El estudio también analizó otros patrones alimentarios. Las personas pescetarianas —que incluyen pescado pero excluyen carne— presentaron menor riesgo de cáncer de mama, riñón e intestino. Por su parte, quienes consumen aves pero no carne roja ni procesada mostraron menor riesgo de cáncer de próstata. Estos datos sugieren que la exclusión selectiva de determinados tipos de carne podría influir de manera diferenciada en la incidencia de tumores.
Sin embargo, la investigación también arrojó resultados inesperados. Los vegetarianos tuvieron casi el doble de riesgo de carcinoma de células escamosas de esófago en comparación con los consumidores de carne. Los autores plantean que esta diferencia podría estar relacionada con deficiencias nutricionales, en particular de vitaminas del complejo B.
En el caso de los veganos, el análisis identificó un 40 % más de riesgo de cáncer colorrectal respecto a quienes consumen carne. No obstante, los investigadores recomiendan interpretar este dato con cautela, ya que se basa en un número relativamente reducido de casos. Una posible explicación podría ser la menor ingesta de calcio y otros micronutrientes. El consumo promedio de calcio en el grupo vegano fue de 590 mg diarios, por debajo de la recomendación oficial del Reino Unido, que se sitúa en 700 mg.
El profesor Tim Key, epidemiólogo emérito de Oxford y coinvestigador del estudio, señaló que aunque existe una relación conocida entre carne roja y procesada y mayor riesgo de cáncer colorrectal, en esta cohorte no se encontró una reducción clara de riesgo entre vegetarianos. Una posible razón es que los participantes ya tenían un consumo relativamente bajo de carne roja y procesada.
La muestra incluyó 1,64 millones de consumidores de carne, 57.016 consumidores de aves, 42.910 pescetarianos, 63.147 vegetarianos y 8.849 veganos, lo que permitió analizar 17 tipos distintos de cáncer, incluyendo neoplasias gastrointestinales, pulmonares, del aparato reproductor, urinario y cánceres hematológicos.
Los expertos subrayan que las dietas vegetarianas y veganas bien planificadas pueden ser nutricionalmente adecuadas, aunque tienden a aportar menos proteínas, grasas saturadas y ciertos micronutrientes como la vitamina B12, y más fibra y vitamina C. Como recuerdan los autores, las dietas vegetarianas se definen más por lo que excluyen que por lo que incluyen, lo que implica que su calidad puede variar ampliamente.

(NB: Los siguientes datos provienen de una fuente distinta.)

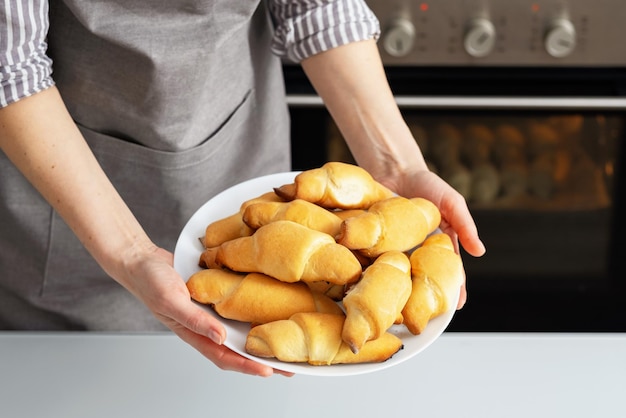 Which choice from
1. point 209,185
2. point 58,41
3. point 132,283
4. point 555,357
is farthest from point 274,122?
point 555,357

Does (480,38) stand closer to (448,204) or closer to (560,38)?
(560,38)

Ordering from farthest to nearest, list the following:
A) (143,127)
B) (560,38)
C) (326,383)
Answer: (560,38) → (143,127) → (326,383)

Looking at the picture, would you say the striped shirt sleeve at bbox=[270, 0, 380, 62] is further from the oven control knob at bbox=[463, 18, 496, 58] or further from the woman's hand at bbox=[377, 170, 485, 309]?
the oven control knob at bbox=[463, 18, 496, 58]

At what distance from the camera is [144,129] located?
102 centimetres

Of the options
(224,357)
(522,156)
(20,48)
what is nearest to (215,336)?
(224,357)

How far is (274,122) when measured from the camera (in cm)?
119

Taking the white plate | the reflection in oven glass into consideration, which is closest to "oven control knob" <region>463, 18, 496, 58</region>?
the reflection in oven glass

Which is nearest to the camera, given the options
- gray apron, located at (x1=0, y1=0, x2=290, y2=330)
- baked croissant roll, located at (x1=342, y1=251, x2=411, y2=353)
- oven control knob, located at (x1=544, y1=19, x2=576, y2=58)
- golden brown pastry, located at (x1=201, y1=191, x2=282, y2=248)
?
baked croissant roll, located at (x1=342, y1=251, x2=411, y2=353)

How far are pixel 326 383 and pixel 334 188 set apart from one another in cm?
20

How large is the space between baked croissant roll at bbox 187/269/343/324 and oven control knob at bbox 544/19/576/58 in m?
0.82

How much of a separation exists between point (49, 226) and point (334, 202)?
483 millimetres

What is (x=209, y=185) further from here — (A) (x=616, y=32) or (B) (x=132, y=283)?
(A) (x=616, y=32)

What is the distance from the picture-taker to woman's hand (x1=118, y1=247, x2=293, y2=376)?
697mm

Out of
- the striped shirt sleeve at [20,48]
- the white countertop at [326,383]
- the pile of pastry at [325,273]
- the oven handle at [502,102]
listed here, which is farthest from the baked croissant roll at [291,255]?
the oven handle at [502,102] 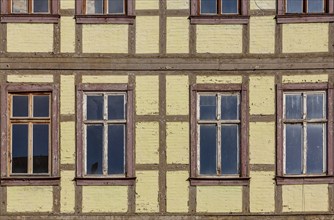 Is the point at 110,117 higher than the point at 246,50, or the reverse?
the point at 246,50

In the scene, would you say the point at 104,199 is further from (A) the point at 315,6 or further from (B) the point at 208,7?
(A) the point at 315,6

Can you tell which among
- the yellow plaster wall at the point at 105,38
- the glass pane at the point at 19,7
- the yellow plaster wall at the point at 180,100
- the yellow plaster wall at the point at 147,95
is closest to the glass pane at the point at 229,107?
the yellow plaster wall at the point at 180,100

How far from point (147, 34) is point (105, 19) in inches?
31.8

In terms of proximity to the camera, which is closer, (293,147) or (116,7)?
(293,147)

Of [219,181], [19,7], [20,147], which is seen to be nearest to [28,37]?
[19,7]

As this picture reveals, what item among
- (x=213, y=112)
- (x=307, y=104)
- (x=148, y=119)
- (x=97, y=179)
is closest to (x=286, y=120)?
(x=307, y=104)

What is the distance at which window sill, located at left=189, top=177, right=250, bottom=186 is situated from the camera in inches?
543

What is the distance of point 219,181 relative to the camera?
45.3ft

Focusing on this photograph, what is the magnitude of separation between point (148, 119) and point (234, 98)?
63.7 inches

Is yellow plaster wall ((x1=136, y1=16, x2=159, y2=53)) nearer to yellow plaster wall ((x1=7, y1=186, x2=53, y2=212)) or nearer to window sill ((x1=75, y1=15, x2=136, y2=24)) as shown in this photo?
window sill ((x1=75, y1=15, x2=136, y2=24))

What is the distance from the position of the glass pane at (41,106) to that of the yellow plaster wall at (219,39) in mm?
2925

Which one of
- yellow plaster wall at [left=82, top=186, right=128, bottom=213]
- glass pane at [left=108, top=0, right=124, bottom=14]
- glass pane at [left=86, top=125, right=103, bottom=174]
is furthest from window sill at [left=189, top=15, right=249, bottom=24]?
yellow plaster wall at [left=82, top=186, right=128, bottom=213]

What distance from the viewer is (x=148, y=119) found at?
1387cm

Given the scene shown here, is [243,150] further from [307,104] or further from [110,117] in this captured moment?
[110,117] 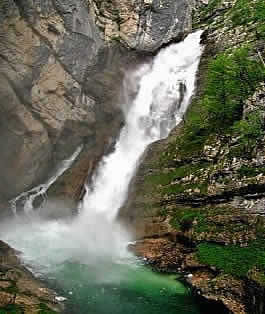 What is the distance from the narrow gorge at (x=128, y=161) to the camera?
1468 centimetres

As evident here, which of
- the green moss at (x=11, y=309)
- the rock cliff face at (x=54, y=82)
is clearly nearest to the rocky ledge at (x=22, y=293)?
the green moss at (x=11, y=309)

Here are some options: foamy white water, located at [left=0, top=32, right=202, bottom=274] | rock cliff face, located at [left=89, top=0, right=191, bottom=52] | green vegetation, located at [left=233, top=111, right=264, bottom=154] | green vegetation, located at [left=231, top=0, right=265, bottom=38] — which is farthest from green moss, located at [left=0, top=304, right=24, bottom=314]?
green vegetation, located at [left=231, top=0, right=265, bottom=38]

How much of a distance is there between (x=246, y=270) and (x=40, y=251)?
31.3ft

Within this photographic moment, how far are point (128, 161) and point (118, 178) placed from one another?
60.9 inches

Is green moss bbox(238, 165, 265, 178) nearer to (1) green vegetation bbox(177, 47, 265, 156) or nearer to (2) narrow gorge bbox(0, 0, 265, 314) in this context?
(2) narrow gorge bbox(0, 0, 265, 314)

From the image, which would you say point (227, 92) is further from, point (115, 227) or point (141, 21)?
point (141, 21)

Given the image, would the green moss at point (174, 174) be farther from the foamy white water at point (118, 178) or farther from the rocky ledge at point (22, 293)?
the rocky ledge at point (22, 293)

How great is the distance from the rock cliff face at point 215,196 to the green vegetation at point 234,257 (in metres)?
0.04

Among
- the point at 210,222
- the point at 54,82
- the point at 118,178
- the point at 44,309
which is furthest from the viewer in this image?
the point at 118,178

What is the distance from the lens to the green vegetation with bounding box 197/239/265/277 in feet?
47.6

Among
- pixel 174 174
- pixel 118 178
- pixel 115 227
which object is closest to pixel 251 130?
pixel 174 174

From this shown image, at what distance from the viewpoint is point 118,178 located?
24.5 m

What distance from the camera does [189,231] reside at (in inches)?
711

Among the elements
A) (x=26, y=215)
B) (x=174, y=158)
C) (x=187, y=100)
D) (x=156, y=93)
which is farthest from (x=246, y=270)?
(x=156, y=93) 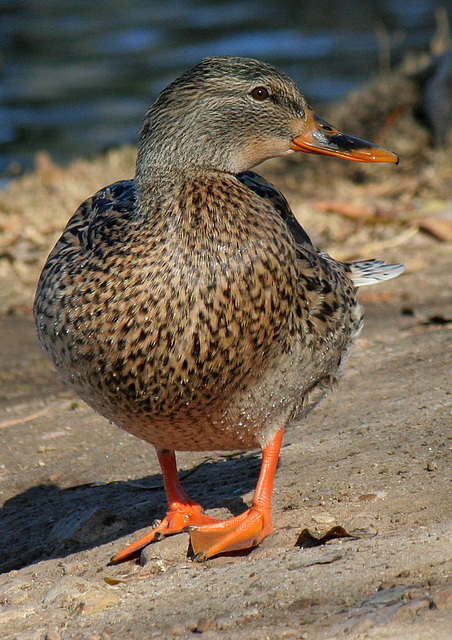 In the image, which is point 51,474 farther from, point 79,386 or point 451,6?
point 451,6

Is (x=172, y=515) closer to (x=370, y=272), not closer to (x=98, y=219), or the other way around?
(x=98, y=219)

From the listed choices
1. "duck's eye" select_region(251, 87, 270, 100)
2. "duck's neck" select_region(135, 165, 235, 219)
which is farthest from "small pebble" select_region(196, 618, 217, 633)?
"duck's eye" select_region(251, 87, 270, 100)

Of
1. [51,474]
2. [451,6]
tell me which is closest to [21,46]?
[451,6]

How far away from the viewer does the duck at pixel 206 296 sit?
3.19 metres

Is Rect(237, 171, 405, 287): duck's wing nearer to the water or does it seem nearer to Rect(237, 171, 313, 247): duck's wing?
Rect(237, 171, 313, 247): duck's wing

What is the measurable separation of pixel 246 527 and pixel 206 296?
2.94 ft

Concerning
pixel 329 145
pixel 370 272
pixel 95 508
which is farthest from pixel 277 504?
pixel 329 145

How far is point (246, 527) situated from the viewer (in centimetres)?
346

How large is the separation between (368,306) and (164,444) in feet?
9.11

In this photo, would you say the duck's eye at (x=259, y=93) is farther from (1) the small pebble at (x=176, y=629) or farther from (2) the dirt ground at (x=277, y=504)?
(1) the small pebble at (x=176, y=629)

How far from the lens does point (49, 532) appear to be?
410cm

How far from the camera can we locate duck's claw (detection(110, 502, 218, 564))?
3531mm

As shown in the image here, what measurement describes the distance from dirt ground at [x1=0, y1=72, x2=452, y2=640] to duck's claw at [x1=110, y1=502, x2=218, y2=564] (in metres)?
0.09

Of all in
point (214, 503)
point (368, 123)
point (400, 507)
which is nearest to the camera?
point (400, 507) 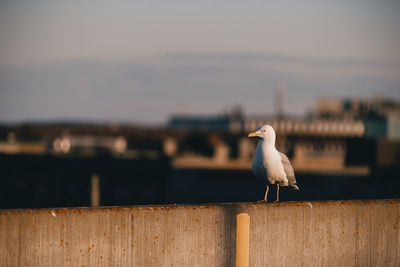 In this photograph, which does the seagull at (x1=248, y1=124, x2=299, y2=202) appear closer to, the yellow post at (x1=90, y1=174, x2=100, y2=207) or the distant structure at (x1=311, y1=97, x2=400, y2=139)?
the yellow post at (x1=90, y1=174, x2=100, y2=207)

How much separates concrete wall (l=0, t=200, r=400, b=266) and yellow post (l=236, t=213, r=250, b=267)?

En Europa, donde se estima que cerca de 2,7 millones de personas recibirán un diagnóstico de cáncer en 2026, comprender el impacto de la alimentación resulta clave para diseñar estrategias de prevención. Aunque la incidencia global ha descendido ligeramente en los últimos años, los cánceres de mama, próstata, colorrectal y pulmón siguen concentrando casi la mitad de los casos.
El estudio aporta evidencia sólida de que reducir o eliminar la carne roja puede asociarse con menor riesgo de ciertos tumores, pero también recuerda la importancia de evitar carencias nutricionales. Más que promover un modelo único, los investigadores insisten en la necesidad de patrones alimentarios equilibrados, ricos en frutas, verduras y fibra, y bajos en carne procesada, como base para disminuir el riesgo oncológico a largo plazo.